| WORK ITEM |
Exclude every picture. Output verbatim the lines from the one containing "KILLALOE BY THE LAKE - Residential" to the end of the data.

(Pictures with short captions)

________

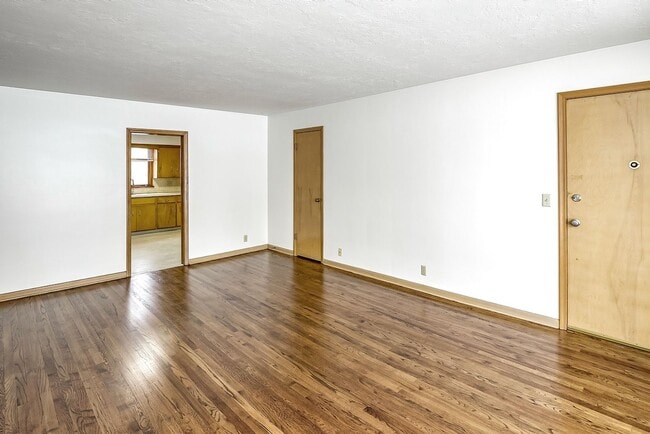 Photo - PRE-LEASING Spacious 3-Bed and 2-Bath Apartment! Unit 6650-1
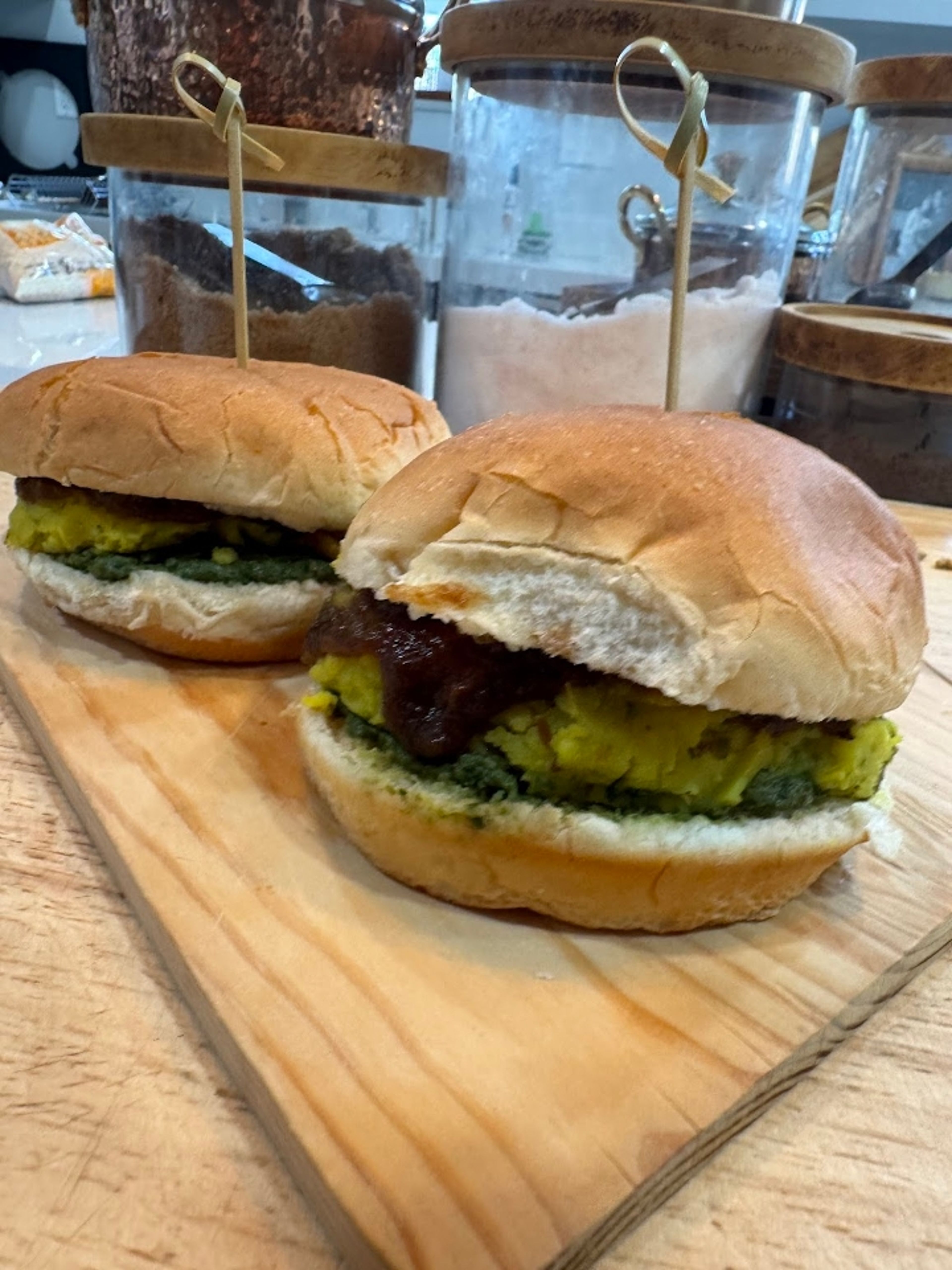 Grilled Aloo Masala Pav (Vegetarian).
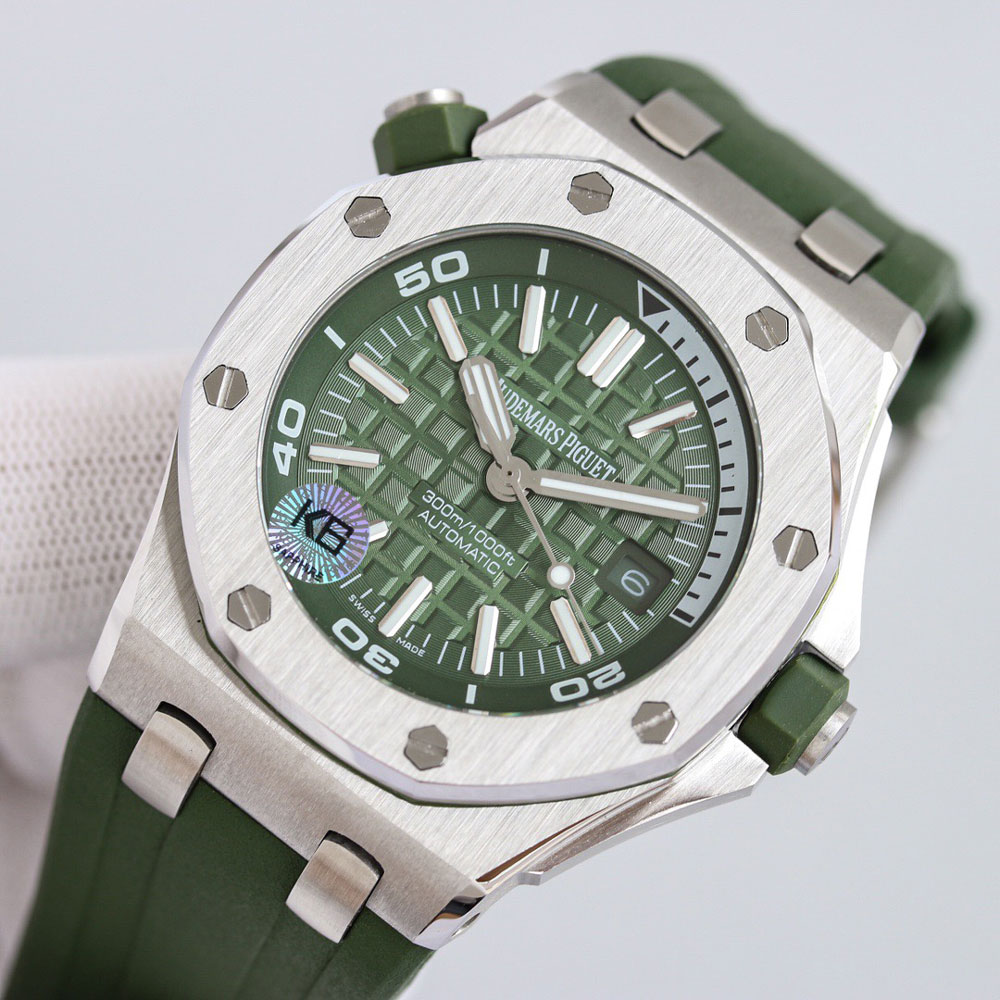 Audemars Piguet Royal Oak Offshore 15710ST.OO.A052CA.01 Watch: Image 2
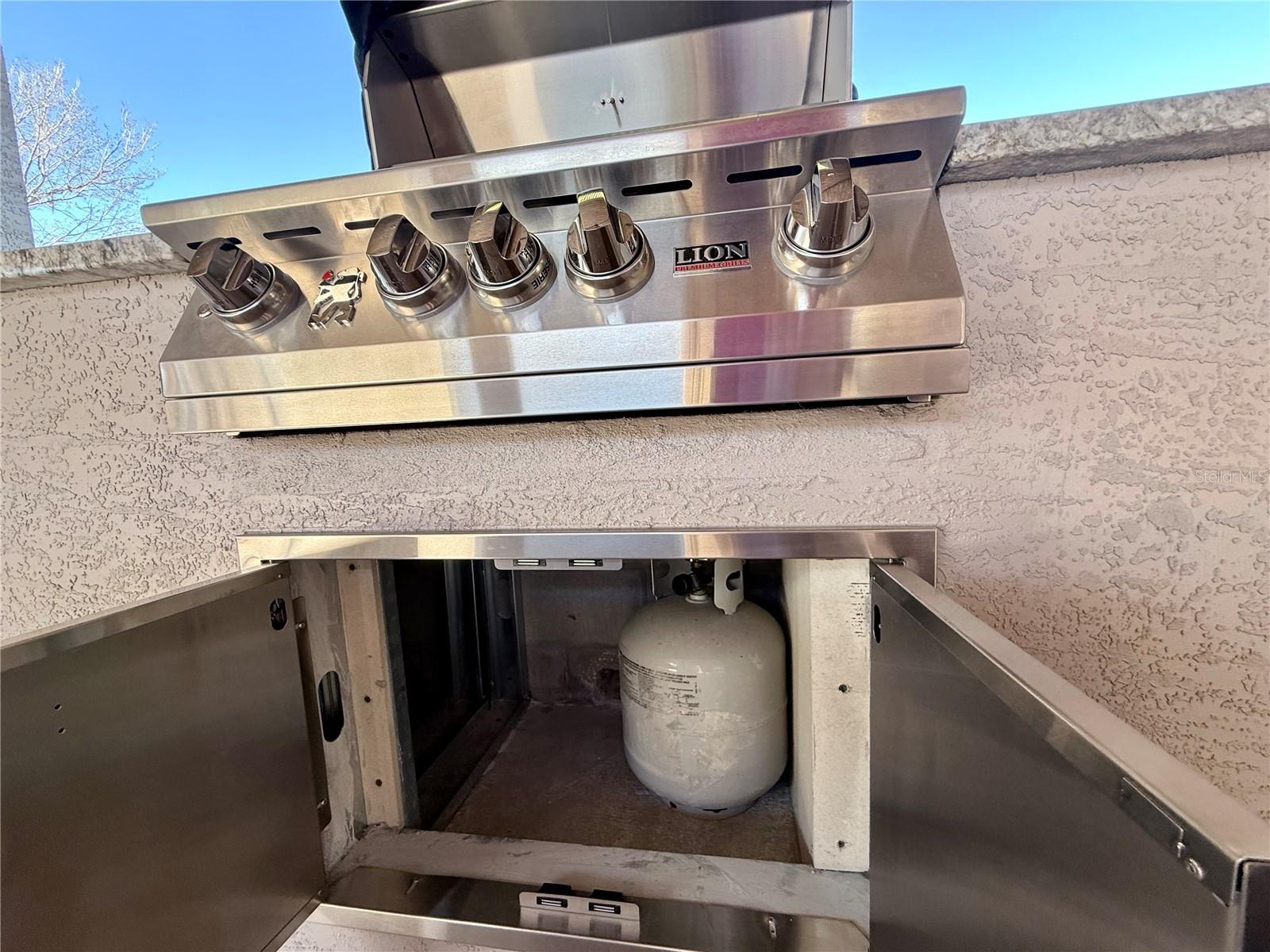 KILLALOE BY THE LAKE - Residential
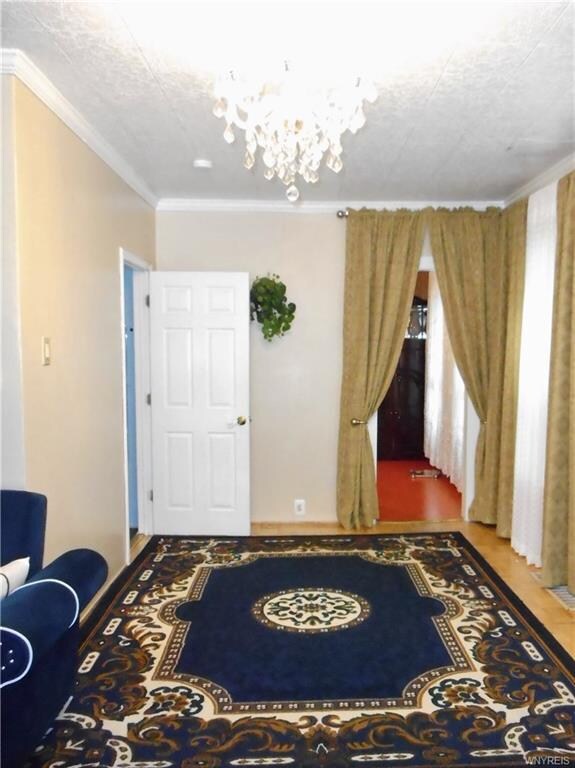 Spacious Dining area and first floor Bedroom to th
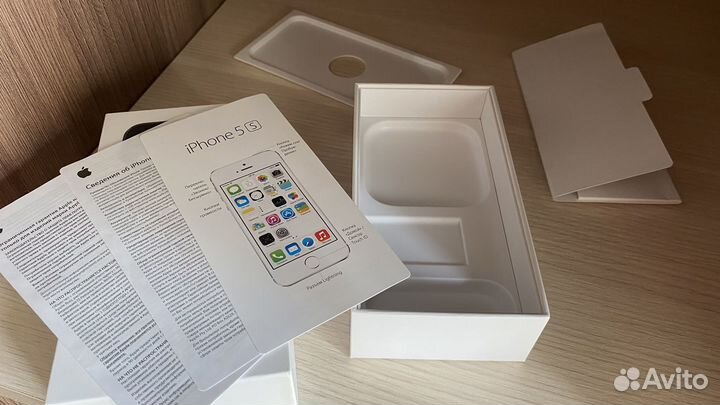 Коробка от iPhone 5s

________

| RESULT |
 KILLALOE BY THE LAKE - Residential
 Spacious Dining area and first floor Bedroom to th
 Коробка от iPhone 5s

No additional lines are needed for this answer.